— Exercise prompt —
Please output every line of the material as it stands, without the pictures.

--------------------------------------------------

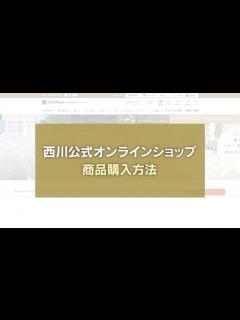[x]nishikawa（西川）公式オンラインショップ 商品のご購入方法 - YouTube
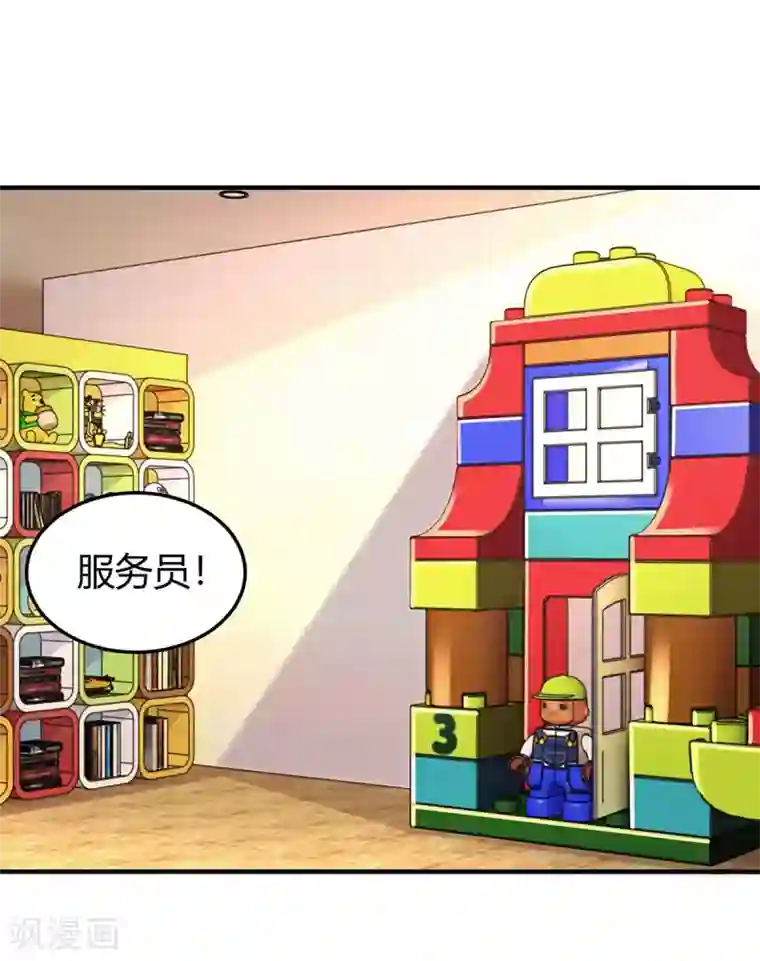 霸道总裁求抱抱第177话 诬陷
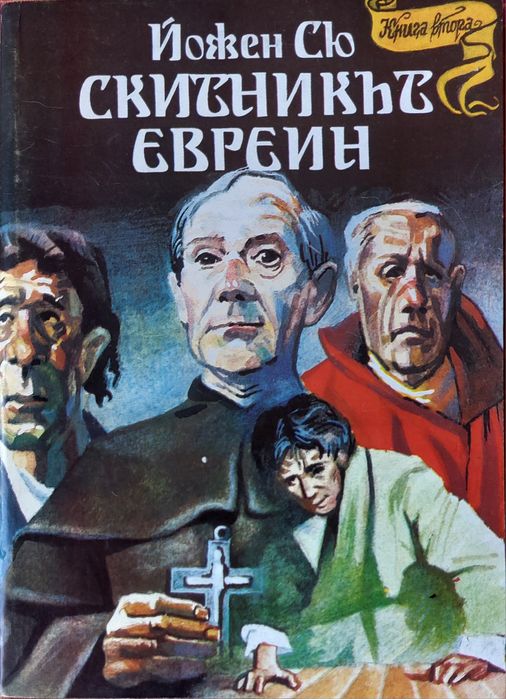 Продавам книги от различни жанрове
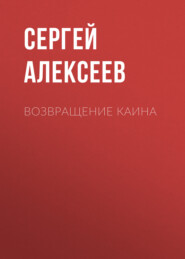 бесплатно читать книгу Возвращение Каина автора Сергей Алексеев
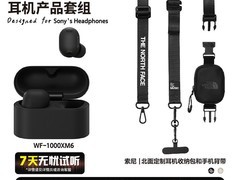 索尼WF-1000XM6真无线耳机限时特惠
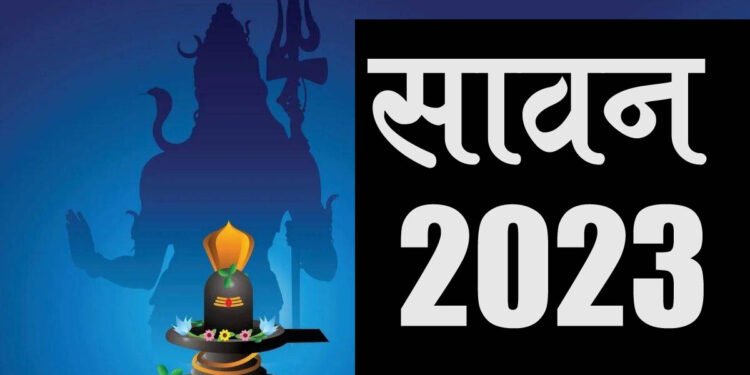Saawan 2023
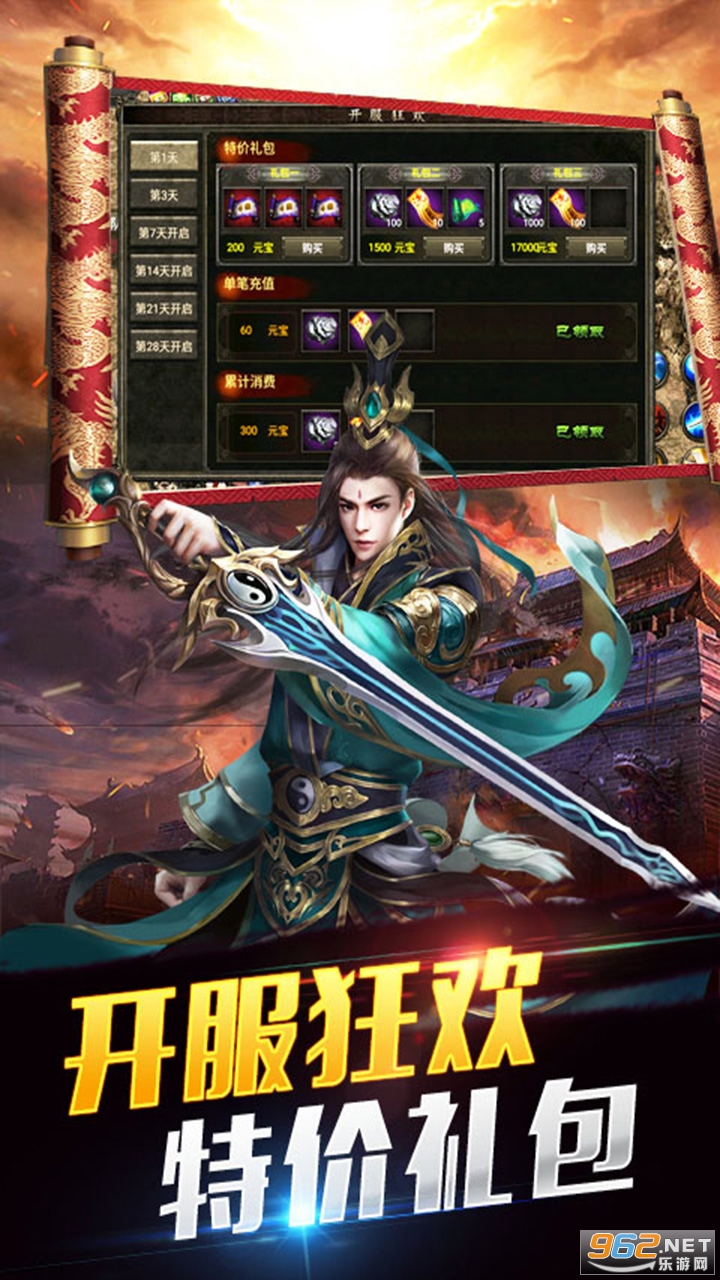 柱子英雄传奇手游2022 v1.0.0最新版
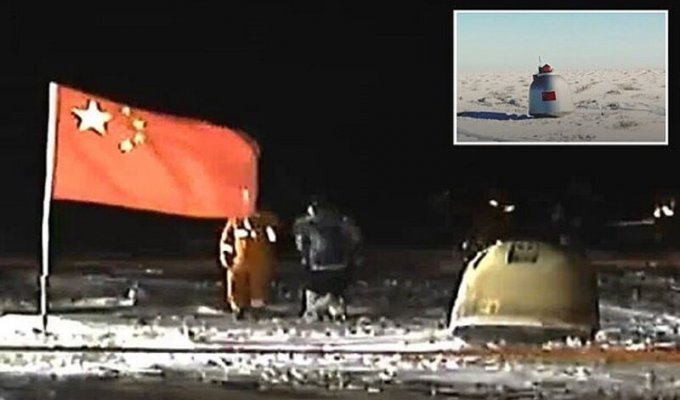 Китайцы доставили на Землю лунный груз (17 фото + 1 видео)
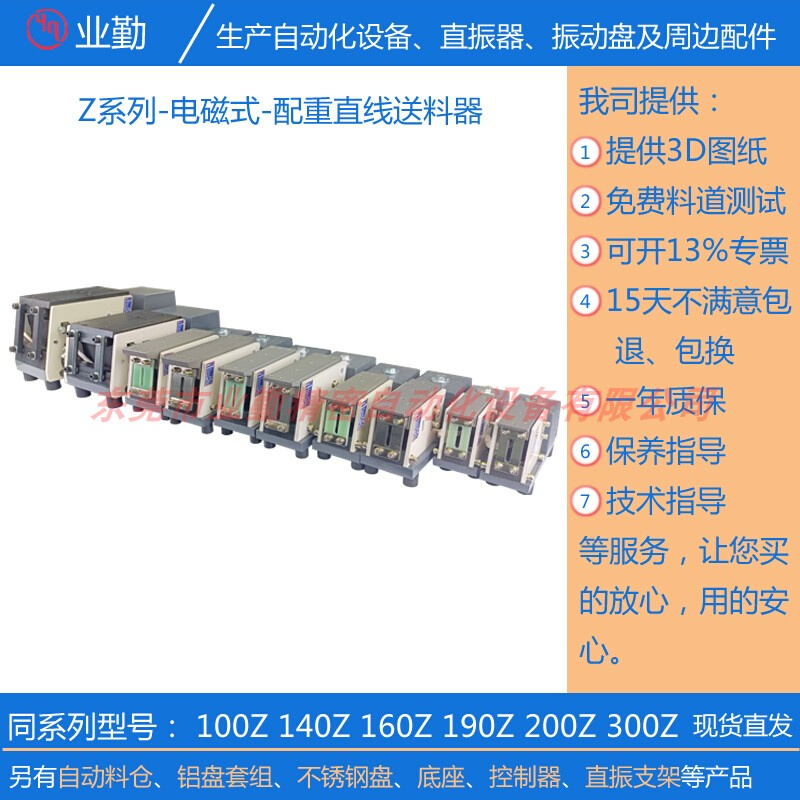 直线送料器100小型YQ-140Z配重直振送料器160直震190振动盘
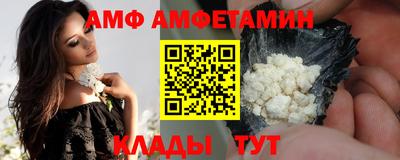 каннабис Новокубанск
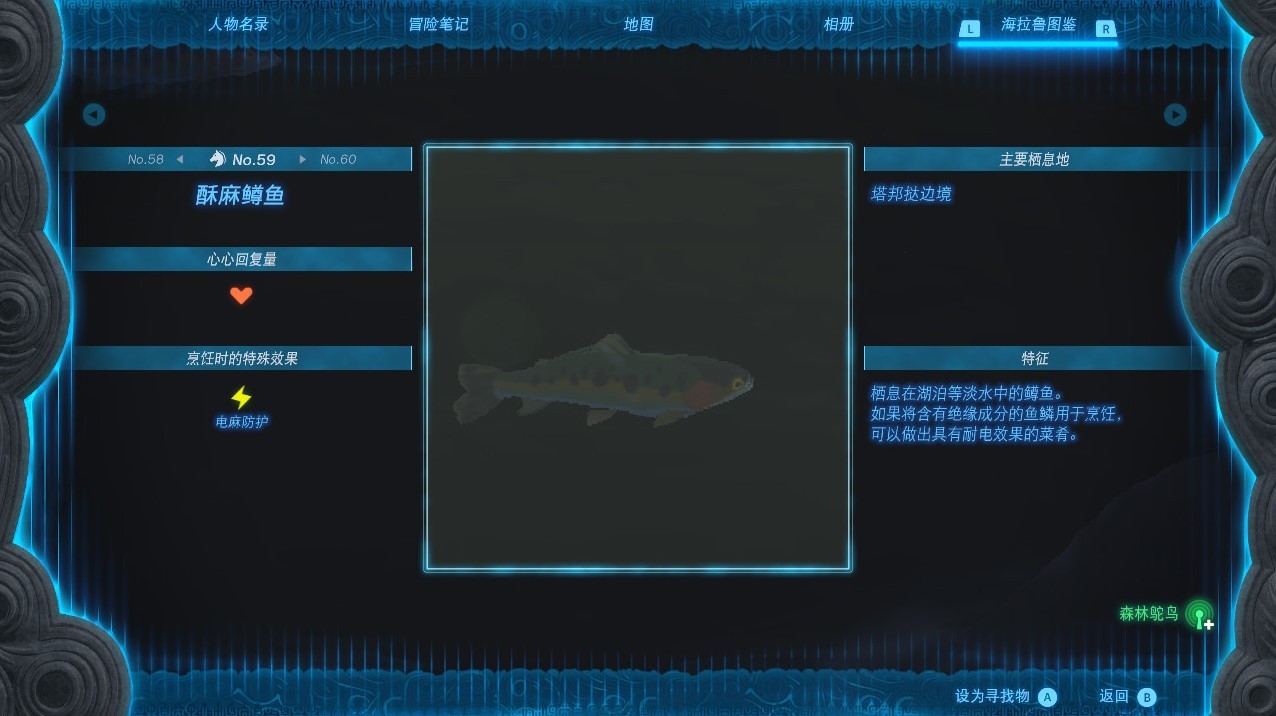 《塞尔达传说王国之泪》全图鉴拍照位置整理_酥麻鳟鱼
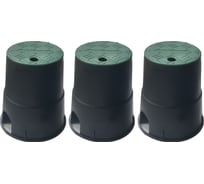 Клапанный бокс RAINMATIC MINI комплект 3шт RM MINI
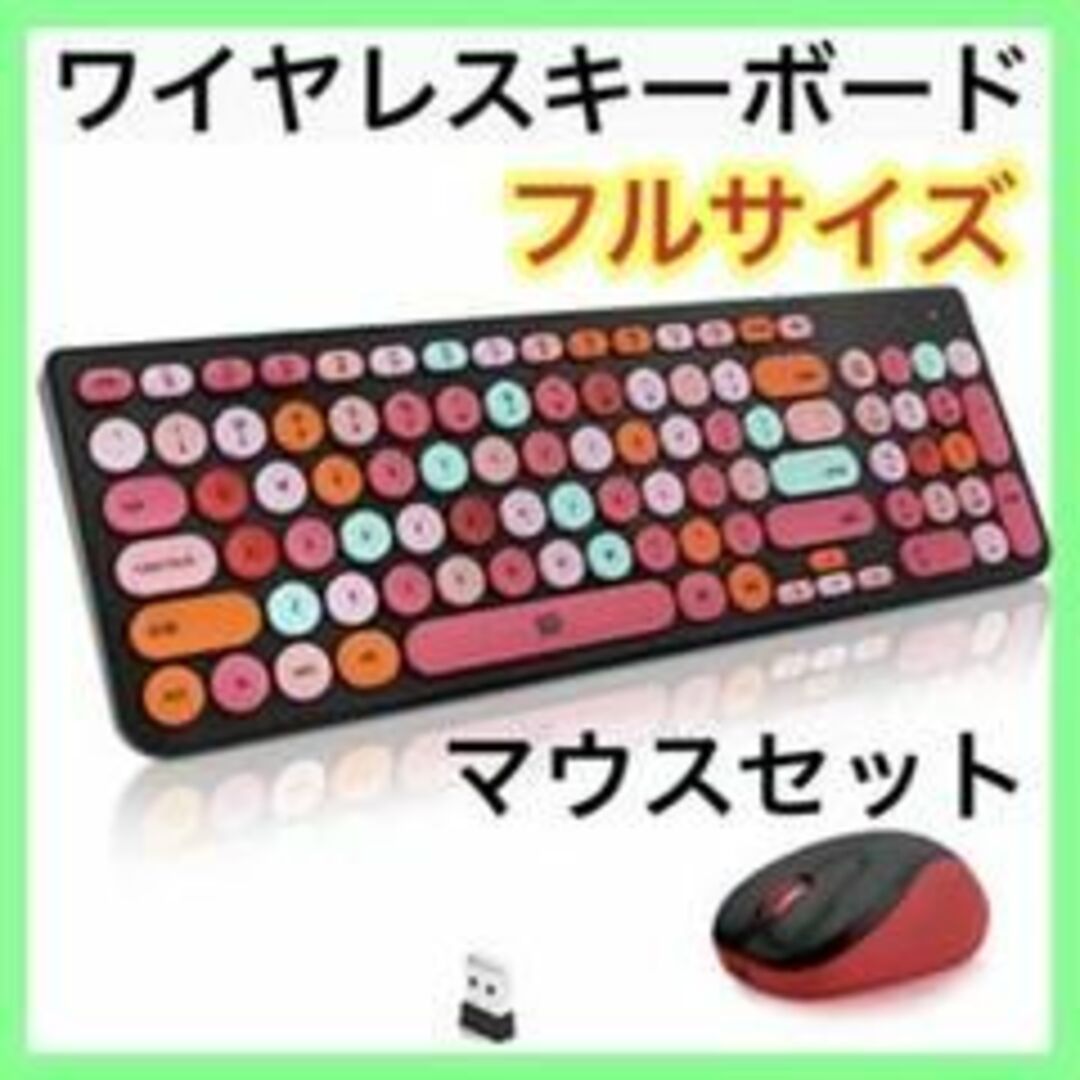 ⭐️かわいい⭐️ワイヤレスキーボード マウス セット テンキー 無線接続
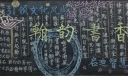 翰韵书香黑板报：引领文化风尚 启迪智慧之光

--------------------------------------------------

— Response —
[x]nishikawa（西川）公式オンラインショップ 商品のご購入方法 - YouTube
 霸道总裁求抱抱第177话 诬陷
 Продавам книги от различни жанрове
 бесплатно читать книгу Возвращение Каина автора Сергей Алексеев
 索尼WF-1000XM6真无线耳机限时特惠
Saawan 2023
 柱子英雄传奇手游2022 v1.0.0最新版
 Китайцы доставили на Землю лунный груз (17 фото + 1 видео)
 直线送料器100小型YQ-140Z配重直振送料器160直震190振动盘
 каннабис Новокубанск
 《塞尔达传说王国之泪》全图鉴拍照位置整理_酥麻鳟鱼
 Клапанный бокс RAINMATIC MINI комплект 3шт RM MINI
 ⭐️かわいい⭐️ワイヤレスキーボード マウス セット テンキー 無線接続
 翰韵书香黑板报：引领文化风尚 启迪智慧之光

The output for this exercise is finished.